Tuesday, July 17, 2012

My Latest Mistake


As I have mentioned before, I love the entire process of making a quilt. Every step is absorbing and rewarding. I like washing and ironing fabric before I bring it into my studio, I like the cutting, the sewing, the quilting and the binding. Here on my latest quilt, however, I goofed. This fabric is supposed to be snow white--it was snow white when I appliqued these 83 skeletons onto it. But the morning I had a date to take it to the quilting machine and quilt it, I realized I had not made a backing for it. That's when I went wrong.

Standing in the corner of my studio was a pole with a 12' x 12' piece of black brushed denim I had bought one time to use for a background on some photos. As I said, I always wash all the fabrics before they come into my studio. But this one had not needed washing, since I was going to use it only for photography. Anyway, I forgot that little piece of information in my hurry to get to my quilting date.

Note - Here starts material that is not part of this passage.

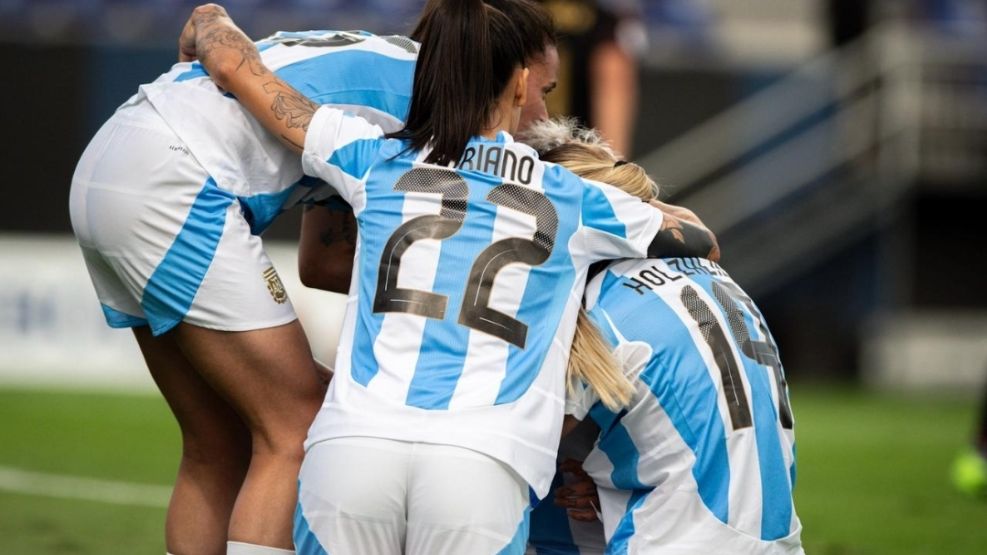 Femenino argentina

I quickly cut the black down to backing size and ran out the door with it.

To make matters even more interesting, when I posted a picture of the finished quilt on my facebook page, an internet friend offered to buy it, instantly. Wonderful! He would take possession of it in September. I could therefore take it on my lecture trip to the east coast and show it off before I sent it away forever.

Back home, however, I noticed that the humidity in the east had made something peculiar happen around the edges of the quilt: the black color seemed to be running. That was when I realized how badly I had messed up. Wondering just how bad it was going to get, I made a little sample using the same fabrics and sprayed some water on it. The black bled through immediately.

I tried many methods to try and get the backing to stop giving off dye, but in the end I had to admit that the quilt was ruined, and would never be the quilt I had envisioned, the quilt I had in fact made.

There might be some way to salvage it yet, to make it into something I can live with. But for now my plan is simply to start over, remembering all the while how much I enjoy the process and how thankful I am to have the opportunity to make an even better version of my idea. I just have to remember not to grit my teeth.